Sakti, 22 tahun, salah satu pengunjung setia toko ropang Iman, membenarkan eksistensi warkop ala kafe digandrungi anak muda sepertinya. Mahasiswa UIN Syarif Hidayatullah Ciputat itu mengaku rutin nongkrong di kafe ropang itu bersama teman-temannya selepas kuliah.
"Selain itu dekat rumah juga. Terus, menunya murah dan ada meja sama kursi buat ngerjain tugas. Kalau abis kuliah atau UAS (ujian akhir semester) kayak gini, kadang saya kongkow-kongkow di sini. Ngomongin macam-macam. Ya, politik atau hanya tugas kuliah," kata dia kepada Alinea.id.
Soal harga juga jadi alasan Santika lebih memilih warkop rasa kafe ketimbang kafe beneran. Rata-rata sekali dalam sepekan, Santika selalu menyempatkan diri nongkrong bersama teman-teman kerjanya di Warmindo Juned.
"Karena di sini (warmindo) banyak bangku sama kursi. Bisa buat tujuh sampai delapan orang. Indomie racikannya juga enak dan murah. Bawa duit Rp50 ribu aja udah dapet Indomie, roti, sama minum," kata Santika kepada Alinea.id.
Tahan banting?
Guru Besar Antropologi Universitas Gadjah Mada (UGM) Heddy Shri Ahimsa menilai gagasan bikin warkop ala kafe bukan murni inisiatif dari para pemilik warkop. Ia menduga ada campur tangan perusahaan, khususnya Indofood, sebagai sponsor.
Indofood, terka dia, berupaya mereplikasi kisah sukses Sido Muncul, perusahaan jamu dan obat herbal dengan pangsa pasar terbesar di Indonesia. Sejak bertahun-tahun lalu, Sido Muncul rutin membantu pedagang jamu untuk punya kios sendiri.

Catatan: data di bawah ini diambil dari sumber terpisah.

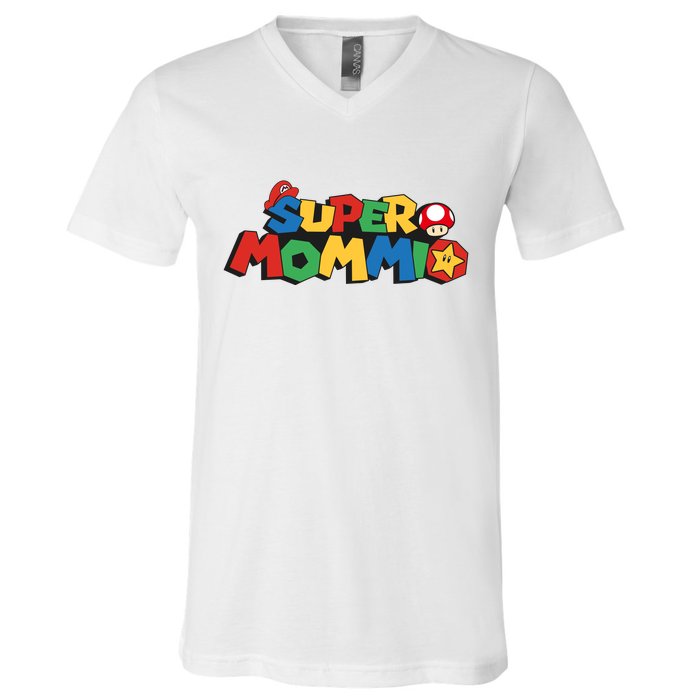 Funny Super Mommio Mother's Day V-Neck T-Shirt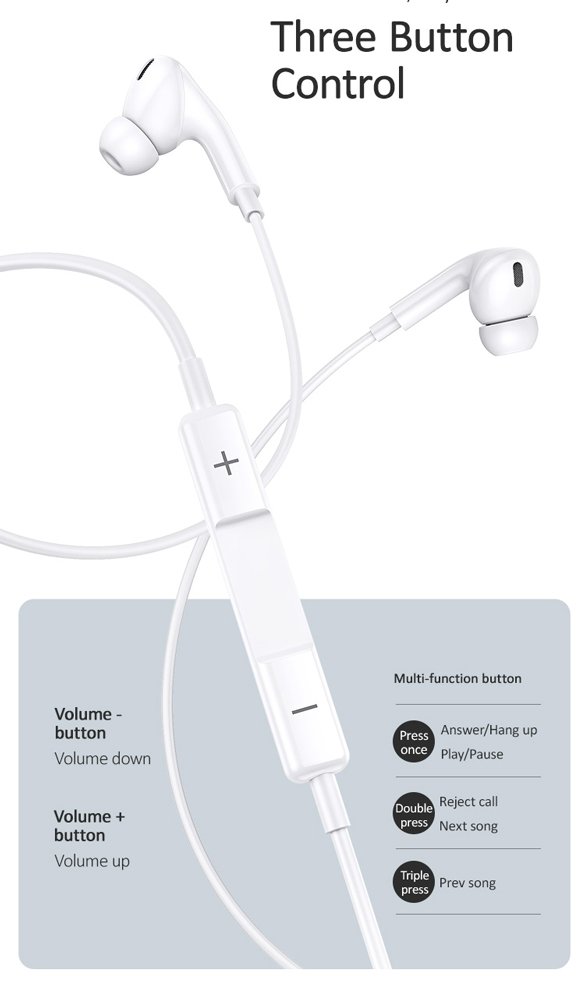 USAMS earphones με μικρόφωνο EP-41, Lightning, Φ10mm, 1.2m, λευκά - Image 3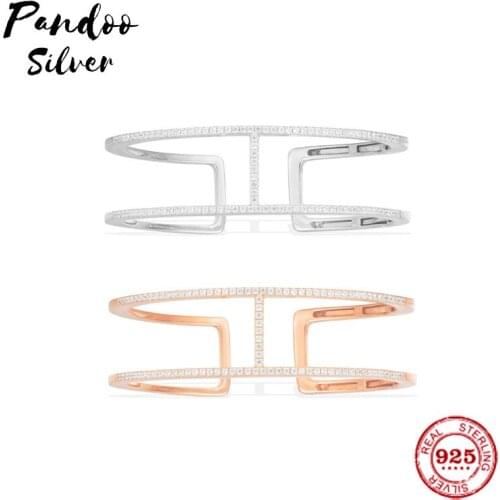 Fashion Charm Sterling Silver Copy 1:1 Copy,Pink Silver Cuff Women 2021 Jewelry Gift With Logo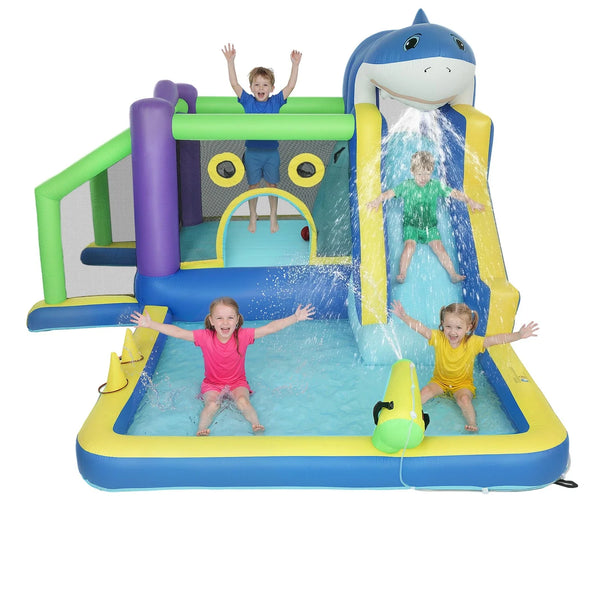 Planschen, Springen, Toben, Hüpfen und Spielen – 8-in-1 Hai-Wasserpark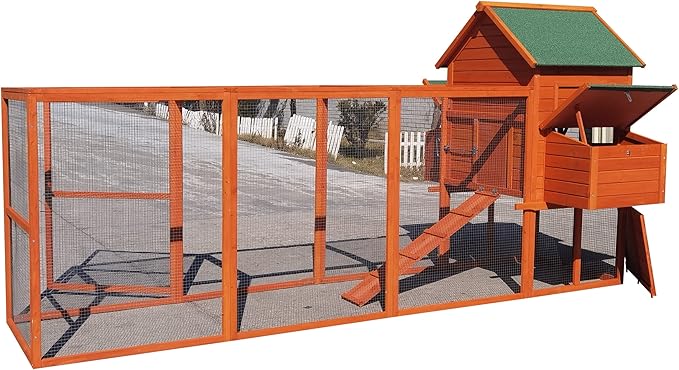 122" Deluxe Large Wood Chicken Coop Backyard Hen House with 4 Nesting Box Outdoor Run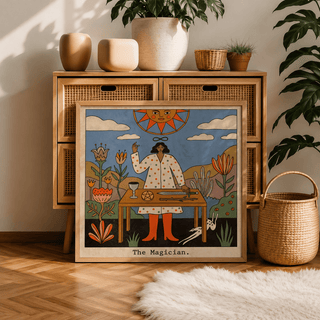 Print leaning on rattan cabinet of Tarot Magician wall art with abstract folk style in a living space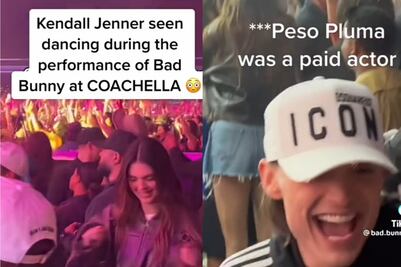 TikTok: Peso Pluma y Kendall Jenner bailan durante show de Bad Bunny en Coachella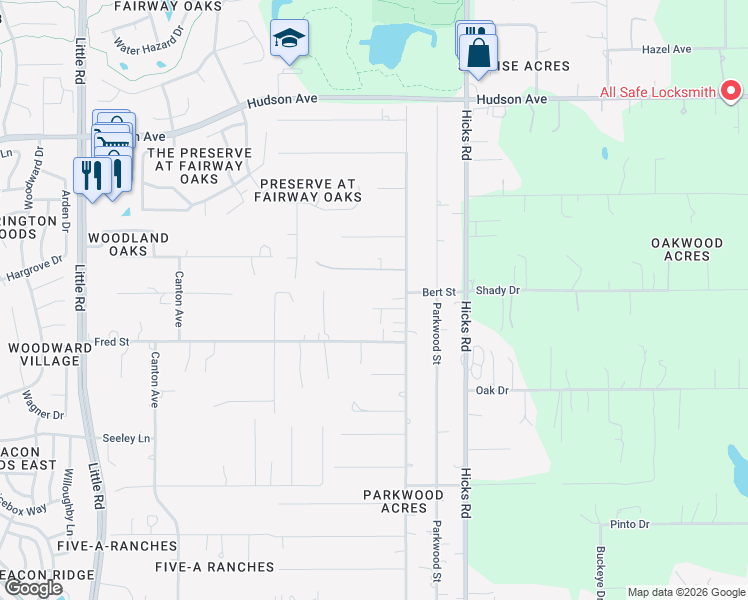 map of restaurants, bars, coffee shops, grocery stores, and more near 9739 Tom Street in Hudson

"Sebab, pedagang jamu dan warmindo ini ujung tombak produk mereka, perusahaan-perusahaan besar. Mereka (pedagang) membantu untuk membuat produk mereka laku," kata Ahimsa kepada Alinea.id, Jumat (23/12).
Ahimsa berkata bila kerja sama yang terjalin antara warmindo dan perusahaan besar warkop tak bisa dianggap sepele. Bukan tidak mungkin warkop ala kafe kian menjamur dan menggerus para pelanggan kafe beneran.

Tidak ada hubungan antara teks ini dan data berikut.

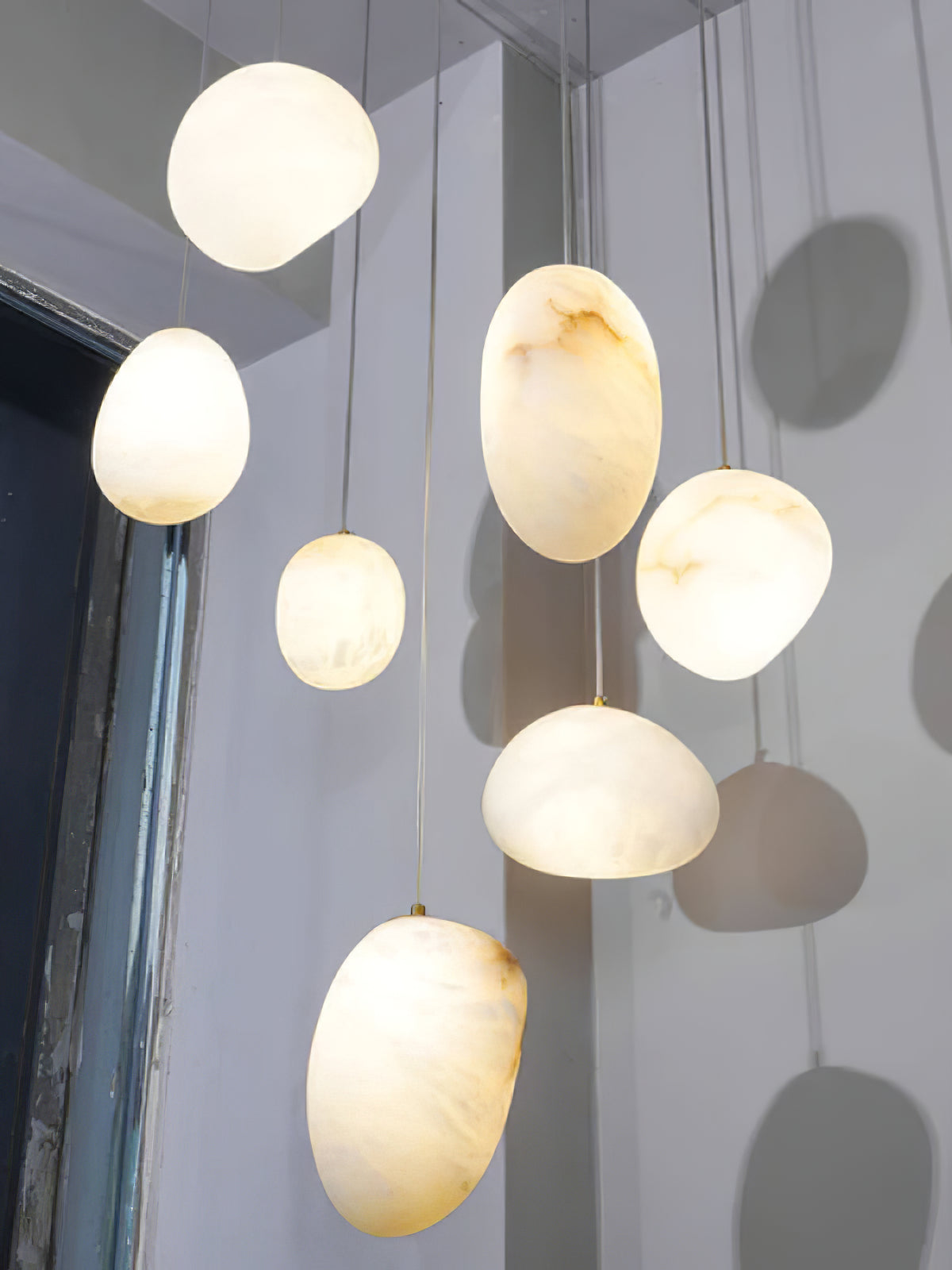 Galet Alabaster Pendant Light - Hand-Chiseled French Organic Stone Pendant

Di lain sisi, perusahaan juga punya kepentingan untuk memastikan usaha warkop sukses dan berkembang. Harapannya, jaringan pedagang warkop bisa dimanfaatkan promosi dan jualan produk. "Warmindo didekati kelompok-kelompok tertentu karena ada jaringan," ucap Ahimsa.

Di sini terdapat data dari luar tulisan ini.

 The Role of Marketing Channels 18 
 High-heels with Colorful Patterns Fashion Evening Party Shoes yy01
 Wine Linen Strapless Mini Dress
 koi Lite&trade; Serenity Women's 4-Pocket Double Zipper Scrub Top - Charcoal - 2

Terkait pengusaha warkop yang identik dengan daerah tertentu, menurut Ahimsa, itu sudah jadi ciri khas pedagang Asia Tenggara yang condong menonjolkan primordialisme. Fenomena itu terjadi lantaran basis kekerabatan kerap dijadikan mereplikasi bisnis atau membangun kerja sama yang saling menguntungkan.
"Berasal dari satu daerah, dari suku yang sama, atau masih kerabat. Itu (hubungan) yang bermain memang karena itu bisa saling membantu. Mengapa mereka memanfaatkan kekerabatan? Karena mereka sudah kenal orangnya jadi itu bisa jalan. Nah, kerja sama itu perlu trust," ucap Ahimsa.
Basis primordial itu, kata Ahimsa, membuat warkop-warkop dan warmindo menjadi bisnis yang resilien. Seorang pedagang, misalnya, bisa meminjam duit ke pedagang lainnya untuk kebutuhan mendesak tanpa birokrasi berbelit.
"Saling percaya itu tidak tumbuh begitu saja, tapi itu hasil timbal balik yang lama. Hubungan timbal balik bisa lama karena kita punya hubungan yang berlapis-lapis tadi. Jadi, itu yang membuat hubungan itu bisa lancar dan tahan banting warmindo," ucap Ahimsa.